Here, by depositing inherited funds into accounts titled jointly with the defendant, the plaintiff created the presumption that the funds were marital (see Renck v. Renck, 131 A.D.3d at 1149, 17 N.Y.S.3d 431 ; Signorile v. Signorile, 102 A.D.3d at 950, 958 N.Y.S.2d 476 ; Crescimanno v. Crescimanno, 33 A.D.3d at 649–650, 822 N.Y.S.2d 310 ). Moreover, the plaintiff failed to rebut the presumption that the funds were transmuted into marital property, as she failed to establish that the funds were deposited into the parties' joint accounts only as a matter of convenience without the intention of creating a beneficial interest (see Brown v. Brown, 147 A.D.3d 896, 897, 47 N.Y.S.3d 424 ; Litvak v. Litvak, 63 A.D.3d 691, 693, 880 N.Y.S.2d 690 ; Crescimanno v. Crescimanno, 33 A.D.3d at 650, 822 N.Y.S.2d 310 ; LeRoy v. LeRoy, 274 A.D.2d 362, 362–363, 712 N.Y.S.2d 33 ). Further, the record fails to demonstrate a correlation between the inherited funds deposited into the parties' joint accounts and the subsequent purchase of certain gold coins and other precious metals (see Maddaloni v. Maddaloni, 142 A.D.3d 646, 652, 36 N.Y.S.3d 695 ; Saasto v. Saasto, 211 A.D.2d 708, 709, 621 N.Y.S.2d 660 ). Accordingly, the Supreme Court should not have awarded the plaintiff a separate property credit in the sum of $ 51,895 related to her inheritance of certain funds and directed the defendant to transfer to her one-half of that sum.
The defendant's contention that the Supreme Court should not have directed that the proceeds of the sale of certain shares of stock be divided equally between the parties without directing that the parties share the tax liability resulting from the sale is unpreserved for appellate review.
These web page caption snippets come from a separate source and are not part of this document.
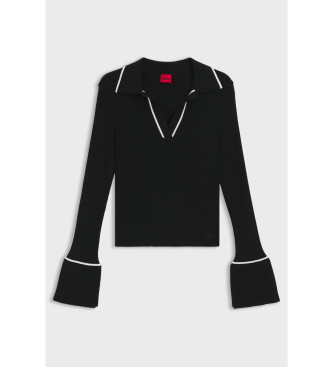 HUGO Samur pulover črne barve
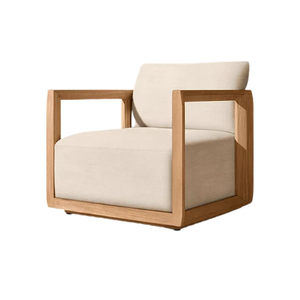 Sillón Moderno para Exteriores, Madera de Teca Sólida Natural, Panel Lateral Acanalado, Asiento Profundo, Cojín de Secado Rápido, Muebles de Lujo para Villas y Resorts - Product Image 1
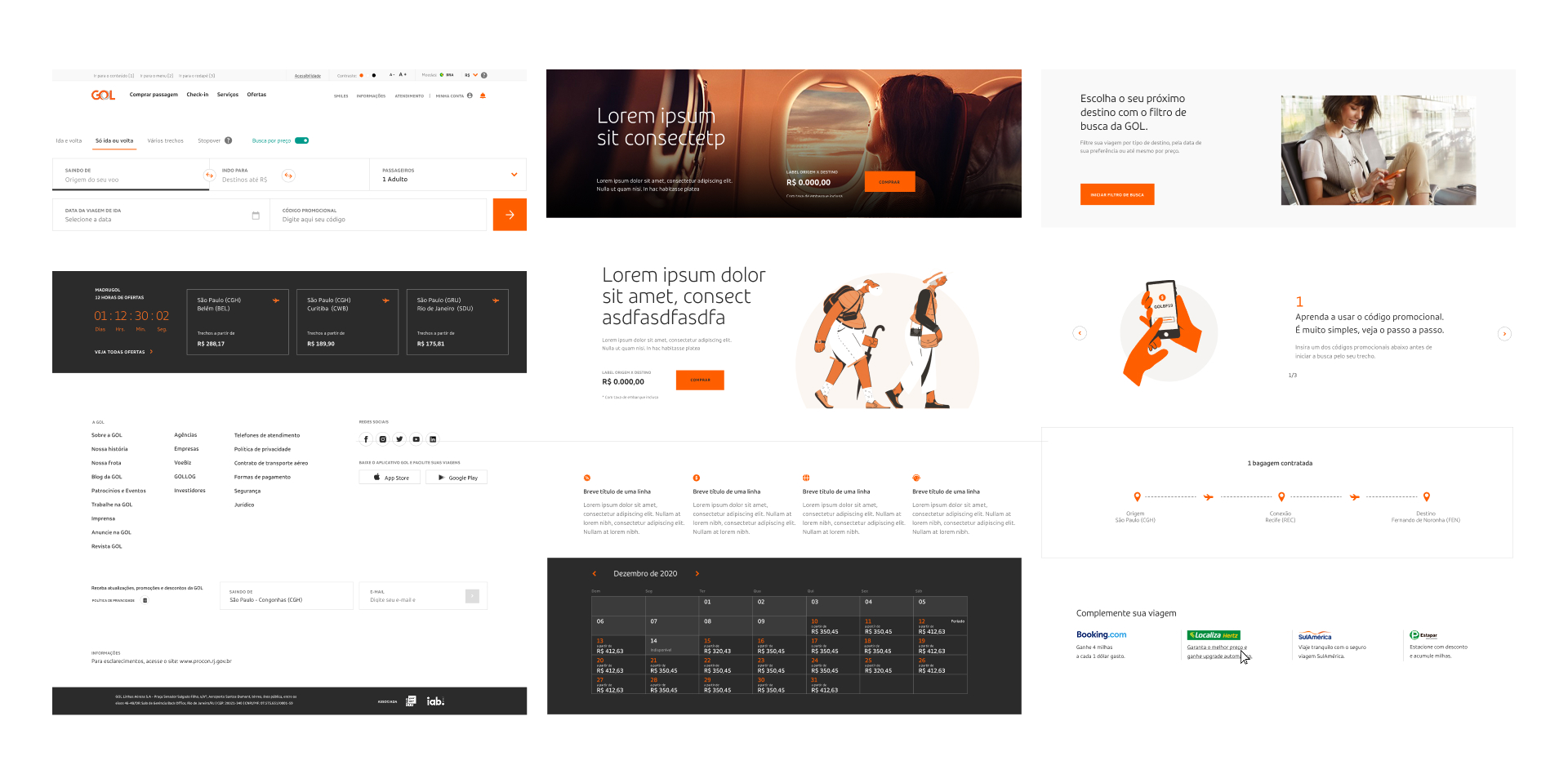 GOL design system: the component library that held the brand's rules across the site, with tokens, base components, and patterns documented with variants and states.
An award of counsel fees is a matter within the sound discretion of the trial court, taking into consideration the equities and circumstances of the particular case, including the parties' respective financial conditions and the relative merit of their positions (see Domestic Relations Law § 237[a] ; Johnson v. Chapin, 12 N.Y.3d 461, 467, 881 N.Y.S.2d 373, 909 N.E.2d 66 ; Papakonstantis v. Papakonstantis, 163 A.D.3d at 842, 82 N.Y.S.3d 557 ; Menkens v. Menkens, 138 A.D.3d 1073, 1074, 30 N.Y.S.3d 562 ; Szewczuk v. Szewczuk, 107 A.D.3d 692, 693, 966 N.Y.S.2d 507 ; Chaudry v. Chaudry, 95 A.D.3d 1058, 1059, 945 N.Y.S.2d 110 ). Here, considering the equities and circumstances of the case, including the parties' respective financial conditions, the Supreme Court providently denied the plaintiff's application for an award of $ 25,000 in counsel fees.
DILLON, J.P., CHAMBERS, MILLER and DUFFY, JJ., concur.